Le ministère de l'Intérieur dément les accusations de dissimulation de preuves dans l'affaire d'assassinat de Chokri Belaïd et menace de porter plainte contre quiconque «lance de fausses accusations contre de l'institution sécuritaire».
Par Yüsra N. Nemlaghi
Hier, les membres de l'Instance pour la recherche de la vérité sur les assassinats de Chokri Belaïd et Mohamed Brahmi (IRVA) et le Comité de défense du martyr Chokri Belaid ont tenu une conférence de presse au cours de laquelle ils ont accusé de hauts cadres du ministère de l'Intérieur d'avoir dissimulé des preuves au juge d'instruction chargé d'enquêter sur les deux assassinats politiques, menaçant de porter plainte contre les auteurs de cette dissimulation de preuves en citant nommément les personnes concernées.
A propos du pistolet Beretta
Les membres de l'IRVA ont notamment souligné que le pistolet Beretta utilisé dans les deux assassinats est largement utilisé par les forces de sécurité tunisiennes.
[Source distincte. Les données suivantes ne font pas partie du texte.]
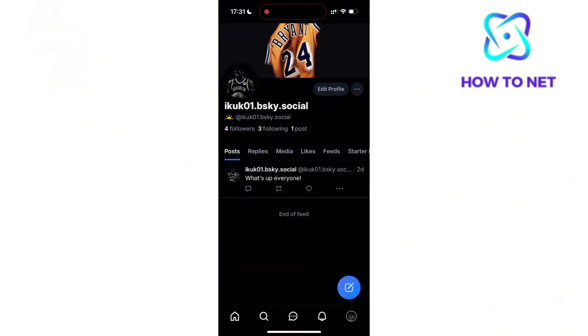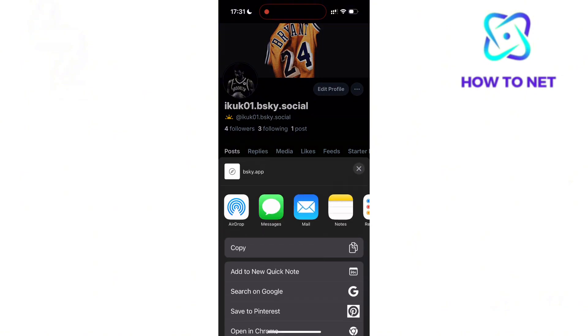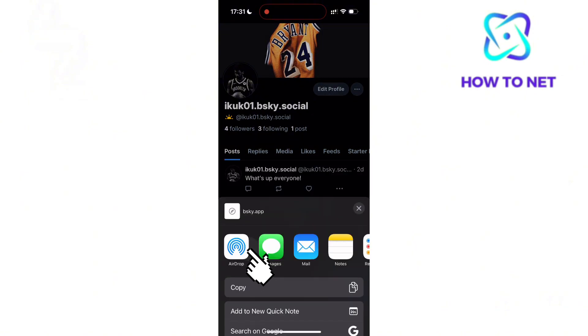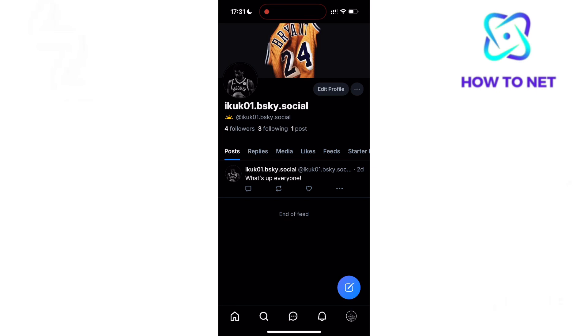Select Share. You will then tap on Copy. Your profile link will get copied to Clipboard.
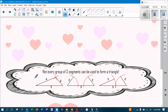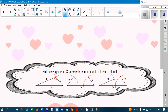Not every set of numbers will form a triangle. For example, sides 2, 4, and 5 will make a triangle, but sides 2, 2, and 5 will not — the 2s aren't long enough to close. And sides 2, 3, and 5 also won't close the triangle. The triangle has to be closed, otherwise it's not a triangle.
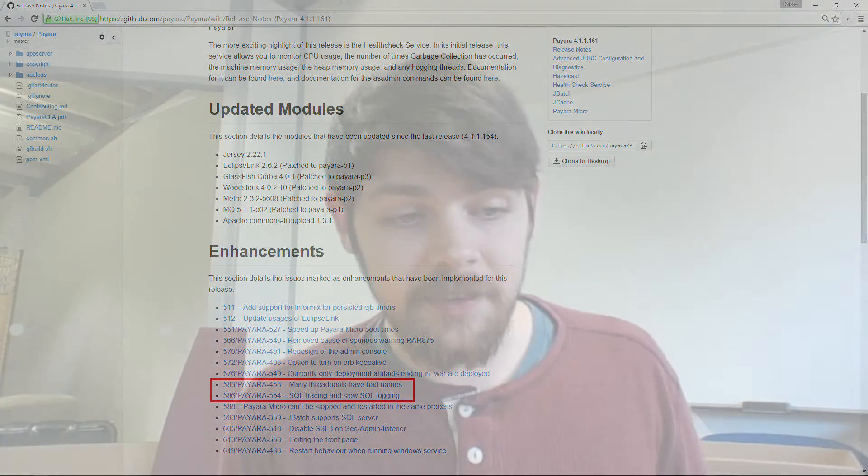Moving on to fixes — we've got two fixes for Payara Micro. One which makes JBatch lazily initialize, which should speed up boot times a fair bit. We've also added the functionality to be able to deploy EAR and JAR files to Payara Micro. Before the 1.6.1 release, you could only deploy WAR files, so that's been updated for this release.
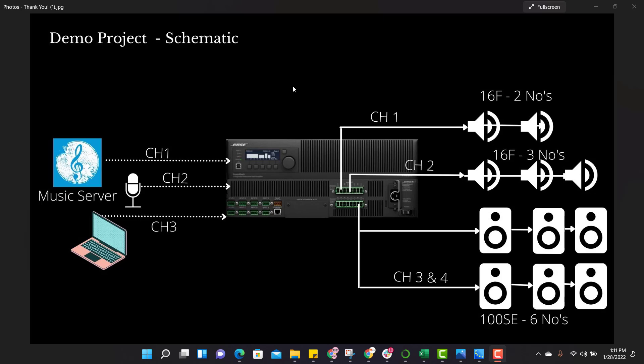Hello everyone, let us assume this is the audio schematic that you have received from your project team to do audio programming. Here there are three inputs and those are connected to three outputs. To do audio programming, let us jump into Control Space Design Software.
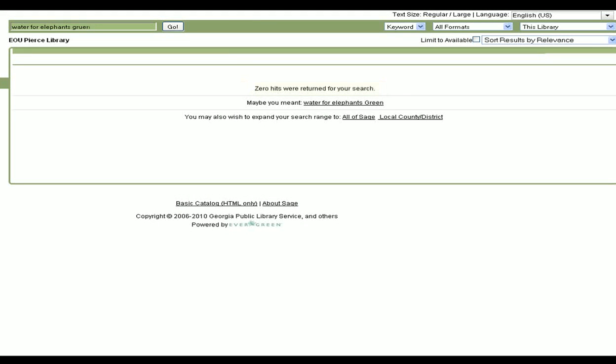Fortunately, as a Sage Library patron, I have access to all of the Sage Library collections. To search all of the Sage libraries, you can click here.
Et de s'étonner du fait que les cadres du ministère de l'Intérieur aient omis de remettre au juge d'instruction le rapport balistique relatif à cette arme, qui leur avait été envoyé depuis le 29 mai par leurs homologues des Pays-Bas.
L'arme ayant servi à l'assassinat de Chokri Belaïd et de Mohamed Brahmi est certes un pistolet Beretta, comme l'a indiqué le rapport balistique réalisé aux Pays-Bas, mais il n'est pas du même calibre que celui utilisé par les forces de sécurité tunisiennes (9mm, modèle 92 et 93, pour le premier cas et 7,65mm pour le second), a précisé le ministère de l'Intérieur, dans un communiqué diffusé sur sa page Facebook, cherchant ainsi à dissiper les lourds soupçons que les membres de l'IRVA ont fait peser, par leurs allégations, sur les forces de sécurité.
Fausses accusations, dites-vous?
Le ministère ne s'explique pas cependant sur les autres points soulevés par les membres de l'IRVA, et qui démontrent notamment d'inexplicables retards dans la mise en route des procédures, omissions et manquements dans l'enquête relative à l'assassinat de Belaïd.
Ces retards, omissions et manquements ont permis, rappelons-le, aux deux principaux accusés dans l'assassinat de Belaïd et Brahmi, à savoir Ahmed Rouissi et Kamel Kadhgadhi, d'échapper à la police et ils sont toujours en cavale.
Passant outre certaines interrogations légitimes des membres de l'IRVA, qui rapportent des faits assez précis et surtout très louches, et qui ne démontrent pas une grande efficacité ses services tunisiens, le ministère de l'Intérieur se contente de prévenir les auteurs des révélations qu'il va porter plainte contre ceux qui «calomnient les cadres sécuritaires et propagent de fausses accusations à leur encontre et à l'encontre de l'institution sécuritaire».
On ne peut pas dire que ces menaces sont suffisantes pour convaincre l'opinion publique ou pour faire taire tous ceux qui pensent que l'institution sécuritaire, infiltrée par certaines parties politiques, n'est pas indépendante et qu'elle fait le minimum pour aider à la révélation de la vérité sur les assassinats et les violences politiques commis par des... islamistes.
Illustration: Adnene Brahmi devant le portrait de Chokri Belaïd. Les parents des victimes attendendent encore... la vérité.